(Shimmy Marcus, 2012)
LiR were one of the many Dublin bands who swarmed in the city's clubs and bars in the 1980s and '90s, hoping to be - in commercial terms at least - the next U2.
It never happened, and Shimmy Marcus' film is partly an attempt to explain why. It's composed of a mix of archive footage - much of it vintage camcorder stuff, some taken from Irish tv - and contemporary interviews with the band members, now mainly pudgy and middle-aged in sharp contrast to their skinny youthful faces in the old photographs and clips. They trace a familar narrative of young boredom on the streets of Dublin's Donaghmede, a few failed attempts at starting a band, and the gradual rise to competence and local popularity. Dublin then was rife with kids in bands; a few great, some good, most pretty shocking. But the majority got record deals and made albums in London or the States, only to limp back home a few years later when fame and fortune refused to come calling. LiR, despite an impressive fanbase and their reputation as an awesome live act, failed to do so, and they still can't quite understand why.
And so the undercurrent is pronounced early on - this will ultimately be a story of a band of naive young men who believe they were let down and even exploited by their older, cannier manager. Eventually they will travel to America, where a series of grinding, mentally and physically exhausting tours and a record deal coincide with members leaving, managers quitting, lots of stress, and no success.
This is a question Marcus' funny, interesting film never really successfully grapples with: were LiR ever good enough? For all that the band members talk about how it was only the music that really mattered, only two songs are really lingered over and identified, and much of the rest, while well-played and nicely sung, sound pretty dull, which is how this Dublin boy remembers them. The only allusions to this possibility are an acknowledgement that Irish critics were unusually damning about the band - rejected delusionally by one band member in a rant about how much hate there is in such a small country - and their American Label boss claiming that they hated the first LiR record (resulting in a vastly different American version).

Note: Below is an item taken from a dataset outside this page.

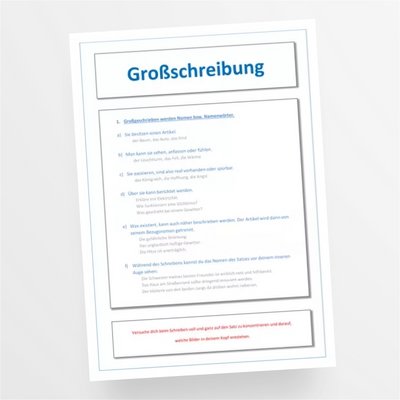 Deutsch: Merkblatt Großschreibung für die 5. und 6. Klasse - StudyHelp Lehrmaterial 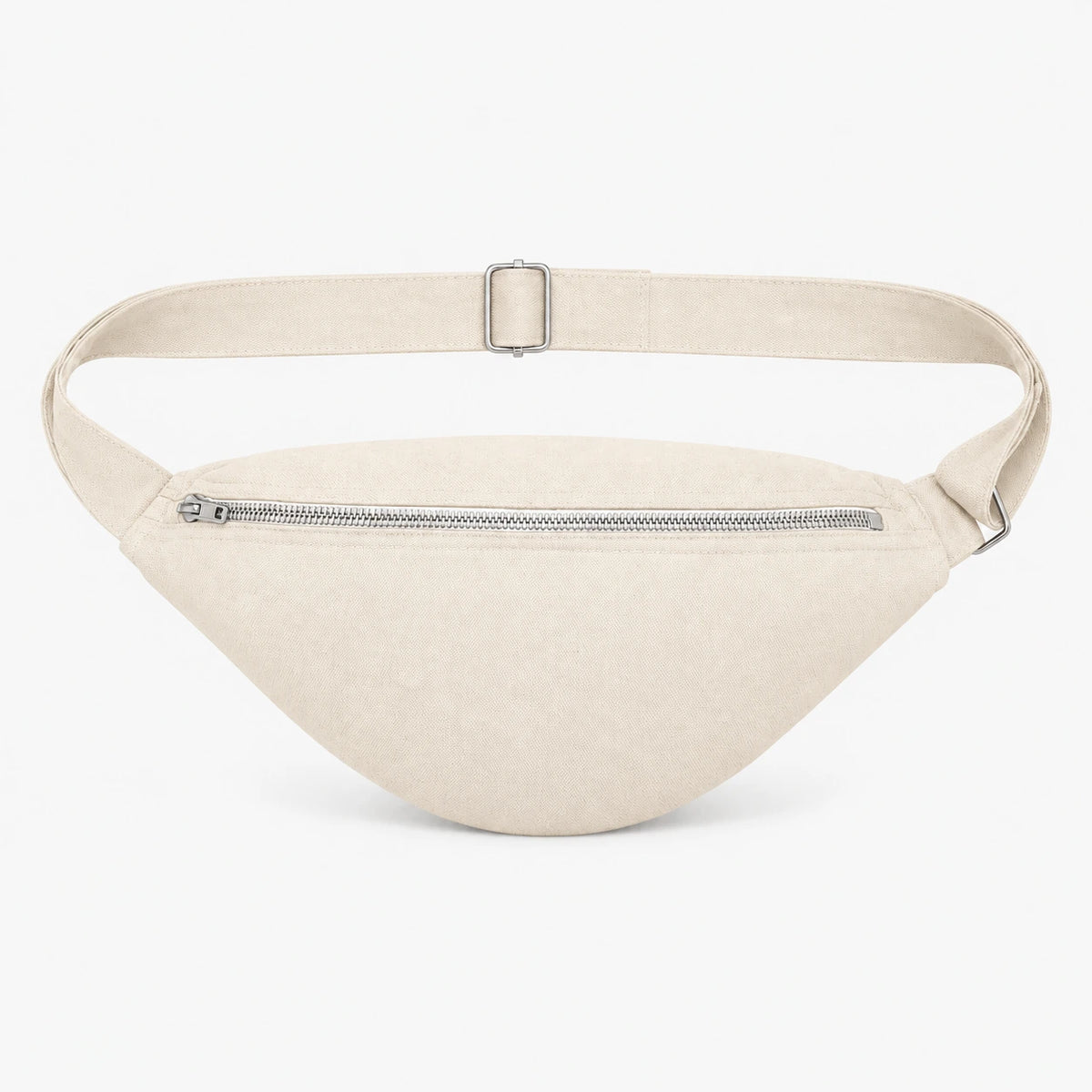 L’Essentiel Gürteltasche aus recycelter Baumwolle in Natur, Vorderansicht mit Metallreißverschluss, hergestellt in Frankreich – ERVERTE Paris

None of this prevents their story from being quietly compelling. They mostly make for charming, articulate interviewees in a very Dublin way, mixing earnest homilies about the joy of rock with cynical jokes about life on the road, and there is something quite touching about two old childhood friends roaming the drab suburban streets of their youth and sharing reminiscences, wondering where it all went and why it never quite worked out. Marcus uses his footage nicely, keeping a rambling story and large cast tight and ordered throughout.